#### ASSIGNED TASK:
The answer must be every line of the data that holds the word "Lighting".
PROVIDED RECORDS section start
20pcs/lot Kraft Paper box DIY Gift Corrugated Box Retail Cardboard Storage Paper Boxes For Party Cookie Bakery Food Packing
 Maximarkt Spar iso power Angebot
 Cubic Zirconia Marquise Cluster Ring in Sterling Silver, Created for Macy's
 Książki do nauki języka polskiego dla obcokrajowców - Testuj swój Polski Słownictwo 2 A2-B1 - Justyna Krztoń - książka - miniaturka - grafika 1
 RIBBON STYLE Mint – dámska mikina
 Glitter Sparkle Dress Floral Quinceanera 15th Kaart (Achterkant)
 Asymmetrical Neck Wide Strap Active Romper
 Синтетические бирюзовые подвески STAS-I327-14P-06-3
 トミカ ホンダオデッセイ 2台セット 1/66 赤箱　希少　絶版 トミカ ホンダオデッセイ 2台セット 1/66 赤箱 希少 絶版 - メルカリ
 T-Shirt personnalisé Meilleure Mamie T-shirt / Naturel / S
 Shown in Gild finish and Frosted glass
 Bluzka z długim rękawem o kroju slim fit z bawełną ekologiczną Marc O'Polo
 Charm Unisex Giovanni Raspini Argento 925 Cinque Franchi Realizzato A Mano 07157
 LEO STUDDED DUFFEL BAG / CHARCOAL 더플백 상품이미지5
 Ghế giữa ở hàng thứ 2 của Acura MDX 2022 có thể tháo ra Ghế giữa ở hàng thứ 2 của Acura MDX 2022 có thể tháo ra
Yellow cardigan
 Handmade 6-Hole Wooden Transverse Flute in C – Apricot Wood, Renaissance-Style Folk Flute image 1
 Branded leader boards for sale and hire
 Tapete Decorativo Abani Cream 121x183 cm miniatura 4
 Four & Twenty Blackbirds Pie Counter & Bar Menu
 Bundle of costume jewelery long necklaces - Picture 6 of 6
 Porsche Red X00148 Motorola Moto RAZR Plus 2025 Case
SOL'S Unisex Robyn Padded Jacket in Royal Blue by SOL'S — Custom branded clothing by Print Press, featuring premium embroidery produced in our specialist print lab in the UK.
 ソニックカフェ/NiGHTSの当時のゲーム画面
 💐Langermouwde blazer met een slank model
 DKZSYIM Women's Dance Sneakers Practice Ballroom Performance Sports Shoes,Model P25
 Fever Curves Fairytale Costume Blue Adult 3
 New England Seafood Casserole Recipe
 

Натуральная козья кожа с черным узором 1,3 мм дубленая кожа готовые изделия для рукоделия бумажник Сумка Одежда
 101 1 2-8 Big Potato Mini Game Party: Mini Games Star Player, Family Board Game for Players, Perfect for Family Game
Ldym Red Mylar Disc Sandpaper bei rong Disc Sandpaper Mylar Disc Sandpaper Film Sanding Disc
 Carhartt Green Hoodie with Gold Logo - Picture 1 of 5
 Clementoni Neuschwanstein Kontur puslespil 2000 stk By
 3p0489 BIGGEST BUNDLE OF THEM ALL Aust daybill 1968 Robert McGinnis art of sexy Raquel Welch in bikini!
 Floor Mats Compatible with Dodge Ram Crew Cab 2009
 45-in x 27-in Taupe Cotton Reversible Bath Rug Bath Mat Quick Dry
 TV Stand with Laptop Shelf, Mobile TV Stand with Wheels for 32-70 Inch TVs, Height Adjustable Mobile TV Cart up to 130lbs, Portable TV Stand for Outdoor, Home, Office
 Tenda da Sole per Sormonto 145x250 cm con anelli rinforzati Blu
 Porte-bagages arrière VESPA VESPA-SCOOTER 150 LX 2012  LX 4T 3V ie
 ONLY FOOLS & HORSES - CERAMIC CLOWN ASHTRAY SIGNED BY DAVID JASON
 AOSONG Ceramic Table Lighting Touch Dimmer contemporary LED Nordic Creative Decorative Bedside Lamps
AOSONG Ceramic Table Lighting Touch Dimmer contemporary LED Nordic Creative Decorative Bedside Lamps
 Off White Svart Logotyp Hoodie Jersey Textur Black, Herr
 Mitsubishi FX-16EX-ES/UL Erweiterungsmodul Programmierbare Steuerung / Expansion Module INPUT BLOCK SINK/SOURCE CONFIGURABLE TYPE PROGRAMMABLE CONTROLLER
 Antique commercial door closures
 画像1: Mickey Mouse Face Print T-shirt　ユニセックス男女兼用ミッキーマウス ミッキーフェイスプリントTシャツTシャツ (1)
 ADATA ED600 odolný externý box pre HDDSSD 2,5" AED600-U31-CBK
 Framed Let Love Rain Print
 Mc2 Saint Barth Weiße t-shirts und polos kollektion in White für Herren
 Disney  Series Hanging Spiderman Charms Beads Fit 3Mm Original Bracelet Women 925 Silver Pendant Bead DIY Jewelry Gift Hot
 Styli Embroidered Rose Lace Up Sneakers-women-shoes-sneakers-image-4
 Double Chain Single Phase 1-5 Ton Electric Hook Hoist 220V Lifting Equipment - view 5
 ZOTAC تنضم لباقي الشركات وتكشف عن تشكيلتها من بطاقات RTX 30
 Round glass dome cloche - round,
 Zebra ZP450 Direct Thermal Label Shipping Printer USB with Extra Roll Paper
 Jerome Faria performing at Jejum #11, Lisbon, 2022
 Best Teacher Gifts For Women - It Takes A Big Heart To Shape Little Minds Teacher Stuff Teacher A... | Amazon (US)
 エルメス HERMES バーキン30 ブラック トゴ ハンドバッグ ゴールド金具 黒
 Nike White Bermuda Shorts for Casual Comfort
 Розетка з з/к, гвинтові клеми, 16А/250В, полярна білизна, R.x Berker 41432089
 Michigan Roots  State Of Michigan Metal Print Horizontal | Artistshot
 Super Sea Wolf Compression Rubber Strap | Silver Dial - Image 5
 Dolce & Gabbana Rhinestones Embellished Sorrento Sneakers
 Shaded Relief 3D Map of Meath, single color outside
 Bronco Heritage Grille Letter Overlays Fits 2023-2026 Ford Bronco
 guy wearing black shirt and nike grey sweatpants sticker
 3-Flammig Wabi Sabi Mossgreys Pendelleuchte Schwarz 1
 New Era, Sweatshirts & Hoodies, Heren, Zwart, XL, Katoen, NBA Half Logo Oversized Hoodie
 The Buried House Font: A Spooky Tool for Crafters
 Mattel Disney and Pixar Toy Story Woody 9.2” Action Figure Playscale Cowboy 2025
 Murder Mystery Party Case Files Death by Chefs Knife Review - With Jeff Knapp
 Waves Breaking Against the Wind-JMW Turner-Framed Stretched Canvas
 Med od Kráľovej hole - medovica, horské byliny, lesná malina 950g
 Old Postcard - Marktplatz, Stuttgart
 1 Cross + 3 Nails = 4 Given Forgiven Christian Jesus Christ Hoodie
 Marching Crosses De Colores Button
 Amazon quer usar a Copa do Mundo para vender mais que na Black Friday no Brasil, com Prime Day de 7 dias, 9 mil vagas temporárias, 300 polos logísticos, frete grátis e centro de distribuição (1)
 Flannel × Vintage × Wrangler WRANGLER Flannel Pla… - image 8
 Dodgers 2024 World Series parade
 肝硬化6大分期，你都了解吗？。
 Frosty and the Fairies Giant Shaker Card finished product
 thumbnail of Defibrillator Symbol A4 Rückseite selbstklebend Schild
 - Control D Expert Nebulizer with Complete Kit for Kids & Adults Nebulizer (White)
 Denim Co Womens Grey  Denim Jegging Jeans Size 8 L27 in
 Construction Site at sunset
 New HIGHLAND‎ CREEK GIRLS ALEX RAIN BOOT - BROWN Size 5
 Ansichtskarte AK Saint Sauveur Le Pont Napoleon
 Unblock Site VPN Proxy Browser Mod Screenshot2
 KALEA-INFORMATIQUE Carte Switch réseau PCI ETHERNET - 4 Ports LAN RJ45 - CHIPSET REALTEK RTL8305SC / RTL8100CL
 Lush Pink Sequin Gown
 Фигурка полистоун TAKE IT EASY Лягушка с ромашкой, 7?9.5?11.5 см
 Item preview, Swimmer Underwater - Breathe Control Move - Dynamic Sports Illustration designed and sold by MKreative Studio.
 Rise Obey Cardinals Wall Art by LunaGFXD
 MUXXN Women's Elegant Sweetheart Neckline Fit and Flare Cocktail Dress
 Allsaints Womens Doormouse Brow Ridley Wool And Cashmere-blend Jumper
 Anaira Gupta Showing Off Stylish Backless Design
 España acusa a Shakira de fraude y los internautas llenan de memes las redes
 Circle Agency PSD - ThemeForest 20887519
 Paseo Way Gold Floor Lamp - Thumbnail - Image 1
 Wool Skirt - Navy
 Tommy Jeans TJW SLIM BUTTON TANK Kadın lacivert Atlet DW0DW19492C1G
PROVIDED RECORDS section end
#### RESPONSE TO THE EXERCISE:
 AOSONG Ceramic Table Lighting Touch Dimmer contemporary LED Nordic Creative Decorative Bedside Lamps
AOSONG Ceramic Table Lighting Touch Dimmer contemporary LED Nordic Creative Decorative Bedside Lamps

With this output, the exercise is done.